- [TASK TO COMPLETE]
Give the data again exactly as it appears, excluding any pictures.
Start of GIVEN MATERIAL
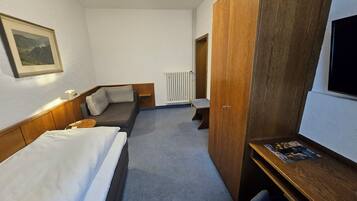 Ein Hotelzimmer mit Bett, einer Couch, einem Schreibtisch, einem Fernseher, einer Heizung und einem Holzschrank.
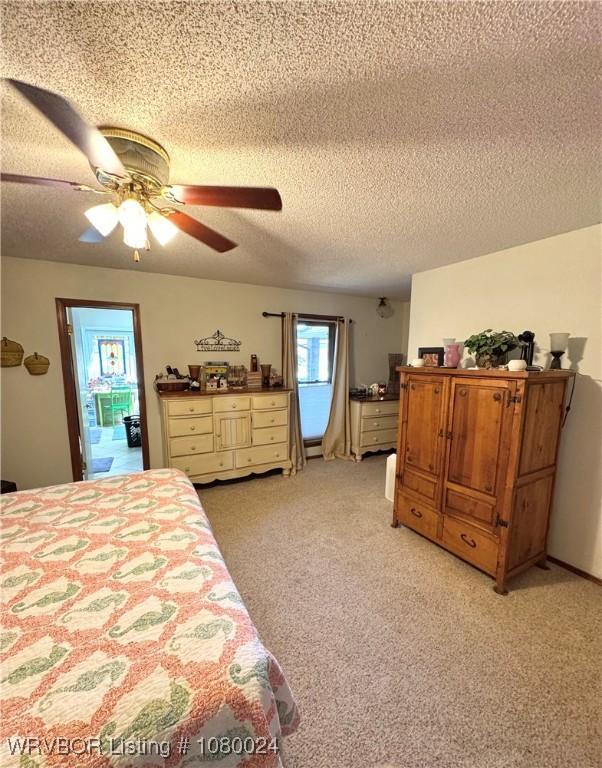 9704 Apple Gate Dr, Fort Smith, AR 72903 - bedroom with light carpet, a textured ceiling, and ceiling fan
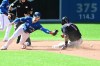 Cleveland Indians’ Ahmed Rosario, right, slides safely into second base as Toronto Blue Jays’ Cavan Biggio misses the ball in the fifth inning of a baseball game against the Cleveland Indians, in Toronto on Monday, August 2, 2021. Rosario would advance to third base on the play. THE CANADIAN PRESS/Jon Blacker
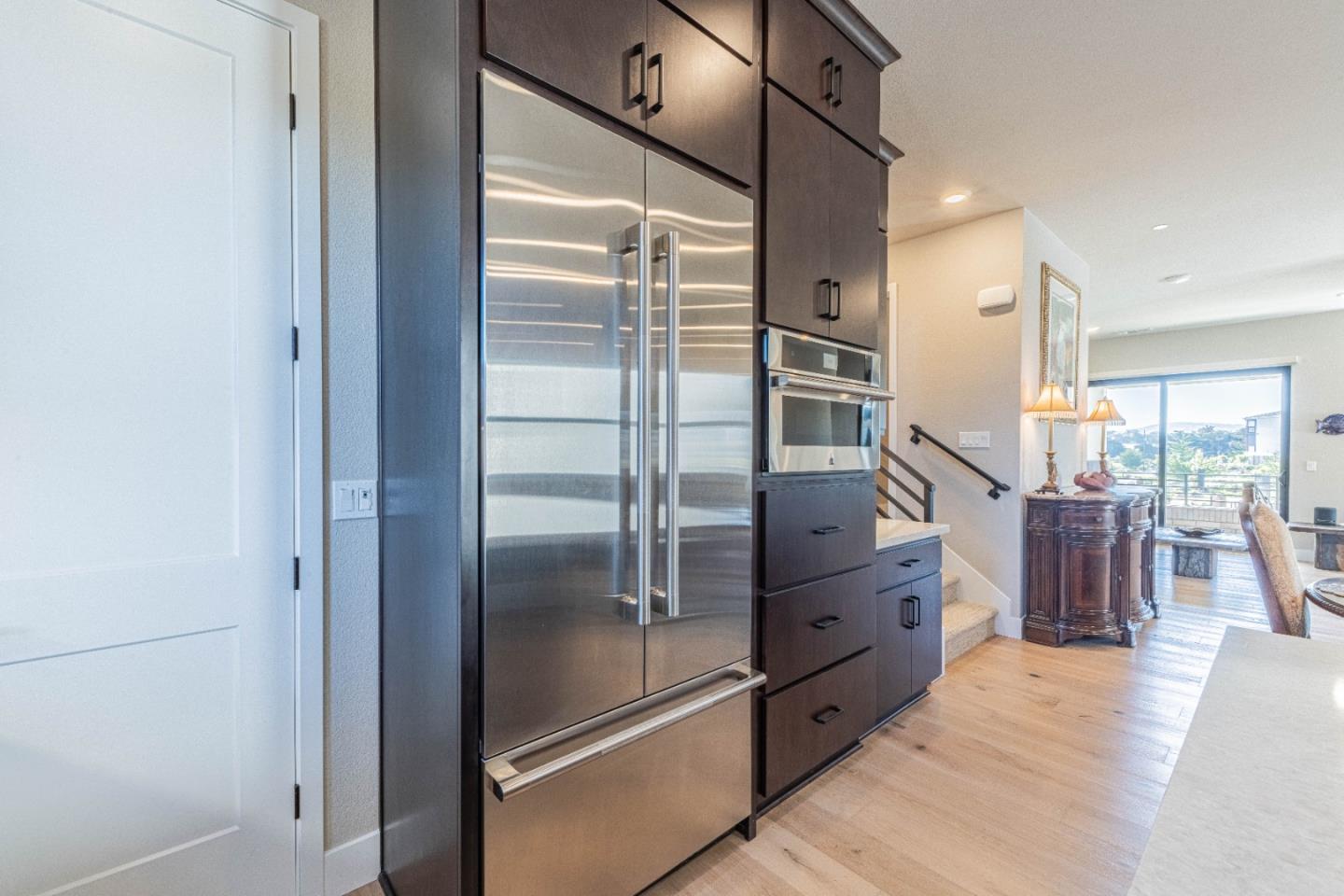135 8th Street Marina, CA 93933 - Photo 36 of 69 a kitchen with stainless steel appliances kitchen island granite countertop a refrigerator and cabinets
End of GIVEN MATERIAL
- [ANSWER FOR THE TASK]
 Ein Hotelzimmer mit Bett, einer Couch, einem Schreibtisch, einem Fernseher, einer Heizung und einem Holzschrank.
 9704 Apple Gate Dr, Fort Smith, AR 72903 - bedroom with light carpet, a textured ceiling, and ceiling fan
 Cleveland Indians’ Ahmed Rosario, right, slides safely into second base as Toronto Blue Jays’ Cavan Biggio misses the ball in the fifth inning of a baseball game against the Cleveland Indians, in Toronto on Monday, August 2, 2021. Rosario would advance to third base on the play. THE CANADIAN PRESS/Jon Blacker
135 8th Street Marina, CA 93933 - Photo 36 of 69 a kitchen with stainless steel appliances kitchen island granite countertop a refrigerator and cabinets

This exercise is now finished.